Disgruntled Workers Haul Thousands of Petitions for Wage Increase to L.A. City Hall

It is hard to turn on the local news these days without hearing about the struggle for low wage employees in California and their fight for fair wages. We have seen strikes by truck drivers, pleas from restaurant workers, and now, according to a recent article from the My News LA, protests are bringing carts full of petitions for a minimum wage increase into LA City Hall.
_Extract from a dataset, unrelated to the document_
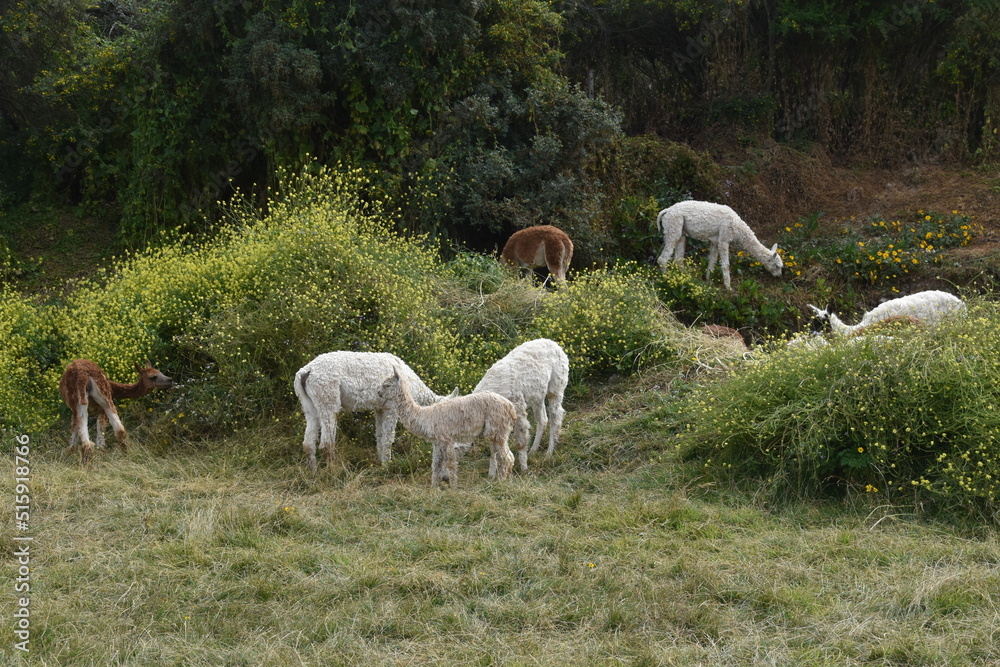 The wild Alpacas roaming the Saqsaywaman ruins above Cusco in Peru The wild Alpacas roaming the Saqsaywaman ruins above Cusco in Peru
wheelbarrow-206210-mProtesters have amassed cartloads of petitions signed by about 100,000 supports demanding city officials to raise the city minimum wage to $15.25 per hour.   The $15.25 amount comes from one proposal for a minimum wage increase currently being debated in the legislature. Supporters and union leaders say there are about 700,000 Los Angeles residents who currently earn less than $15 per hour and need city officials to back the proposal, enforce the current law, and allow them access to earned sick days of which many workers are currently being denied. They are calling for a law with “no loopholes” and stress that, without effective regulatory safeguards in place, any minimum is meaningless if employers can continue to get away with routine violations.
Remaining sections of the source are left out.